La risposta sta già nella domanda, se guardiamo allo stato delle carceri. Tra l’altro si sta accrescendo il solco, già ora profondo e unico nell’Europea occidentale, tra categorie sociali a rischio di incarcerazione e categorie che ne vanno esenti anche quando delinquono. La sola idea che un colletto bianco, anche quando sia stato condannato per gravi reati economici, tributari o contro l’amministrazione pubblica, debba scontare la pena in una cella a contatto con un’umanità degradata viene vissuta in Italia come una stravaganza. Colpa dello stato vergognoso dei nostri istituti, ma anche colpa dell’idea che nel carcere debbano essere confinati gli ultimi della società, quelli per i quali la sofferenza conta meno.
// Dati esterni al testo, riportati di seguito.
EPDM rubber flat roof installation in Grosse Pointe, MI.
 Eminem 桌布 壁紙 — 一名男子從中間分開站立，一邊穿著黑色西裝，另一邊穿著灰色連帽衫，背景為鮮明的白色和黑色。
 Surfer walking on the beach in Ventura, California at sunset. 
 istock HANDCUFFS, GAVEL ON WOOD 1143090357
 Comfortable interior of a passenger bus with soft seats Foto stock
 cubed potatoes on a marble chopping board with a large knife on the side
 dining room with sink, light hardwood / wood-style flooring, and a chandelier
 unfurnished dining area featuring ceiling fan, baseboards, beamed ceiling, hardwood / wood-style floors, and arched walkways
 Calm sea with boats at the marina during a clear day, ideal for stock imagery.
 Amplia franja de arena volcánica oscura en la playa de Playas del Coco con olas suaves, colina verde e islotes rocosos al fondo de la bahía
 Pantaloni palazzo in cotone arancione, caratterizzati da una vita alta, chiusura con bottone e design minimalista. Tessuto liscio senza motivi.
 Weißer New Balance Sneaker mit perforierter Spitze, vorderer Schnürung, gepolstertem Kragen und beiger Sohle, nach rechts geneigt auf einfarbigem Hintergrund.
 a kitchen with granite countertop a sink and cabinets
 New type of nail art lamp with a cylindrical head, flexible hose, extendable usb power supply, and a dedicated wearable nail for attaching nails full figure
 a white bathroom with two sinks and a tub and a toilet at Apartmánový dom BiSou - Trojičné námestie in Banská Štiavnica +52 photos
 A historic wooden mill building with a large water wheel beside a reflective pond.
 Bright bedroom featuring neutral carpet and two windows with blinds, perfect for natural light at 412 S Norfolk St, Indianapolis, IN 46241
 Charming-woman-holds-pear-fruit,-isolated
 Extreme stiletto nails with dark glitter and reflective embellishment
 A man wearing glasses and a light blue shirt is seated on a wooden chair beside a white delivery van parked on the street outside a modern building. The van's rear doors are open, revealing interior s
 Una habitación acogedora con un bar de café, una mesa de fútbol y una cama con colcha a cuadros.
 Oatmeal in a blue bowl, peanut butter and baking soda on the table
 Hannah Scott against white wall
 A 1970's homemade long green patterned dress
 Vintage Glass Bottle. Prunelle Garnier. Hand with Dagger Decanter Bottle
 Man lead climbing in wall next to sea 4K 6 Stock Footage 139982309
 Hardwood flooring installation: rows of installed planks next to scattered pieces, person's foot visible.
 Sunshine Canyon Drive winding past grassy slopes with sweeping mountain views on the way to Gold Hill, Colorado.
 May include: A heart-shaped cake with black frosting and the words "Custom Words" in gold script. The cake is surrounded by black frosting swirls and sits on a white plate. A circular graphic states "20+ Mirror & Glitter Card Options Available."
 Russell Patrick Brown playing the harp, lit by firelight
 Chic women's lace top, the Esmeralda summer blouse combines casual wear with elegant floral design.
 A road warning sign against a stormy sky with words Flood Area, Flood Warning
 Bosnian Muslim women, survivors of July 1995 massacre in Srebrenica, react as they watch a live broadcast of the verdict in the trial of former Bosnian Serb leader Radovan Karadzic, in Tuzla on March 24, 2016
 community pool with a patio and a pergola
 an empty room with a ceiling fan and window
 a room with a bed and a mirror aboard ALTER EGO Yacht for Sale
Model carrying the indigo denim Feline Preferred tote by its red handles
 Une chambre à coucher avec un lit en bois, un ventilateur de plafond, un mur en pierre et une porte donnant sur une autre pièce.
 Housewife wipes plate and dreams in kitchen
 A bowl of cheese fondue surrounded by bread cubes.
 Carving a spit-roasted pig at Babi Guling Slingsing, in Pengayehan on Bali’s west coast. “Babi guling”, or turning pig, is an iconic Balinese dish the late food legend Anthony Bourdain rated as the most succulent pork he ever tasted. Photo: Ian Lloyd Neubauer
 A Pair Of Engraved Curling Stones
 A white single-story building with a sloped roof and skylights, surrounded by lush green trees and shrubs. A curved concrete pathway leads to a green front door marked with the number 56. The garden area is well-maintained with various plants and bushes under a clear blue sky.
Intanto il governo tira dritto sulla separazione delle carriere. Teme le conseguenze?

Certo che le temo. Intanto non parliamo più di “carriere”, per favore, perché i magistrati non ne hanno! La Costituzione li vuole distinti tra loro solo per funzioni. Quelle tra pm e giudice sono già separate di fatto. È ovvio quindi paventare che la riforma finisca nei fatti per limitare l’indipendenza dei pubblici ministeri. Timore confermato dall’insofferenza che parte della politica mostra verso le indagini e le decisioni dei giudici che vadano contro l’ordine costituito o gli obiettivi di governo. Se aggiungiamo l’intervento che si vorrebbe compiere sul Csm, cioè sull’organo deputato a garantire l’autonomia e l’indipendenza della magistratura, l’equazione diventa quasi matematica.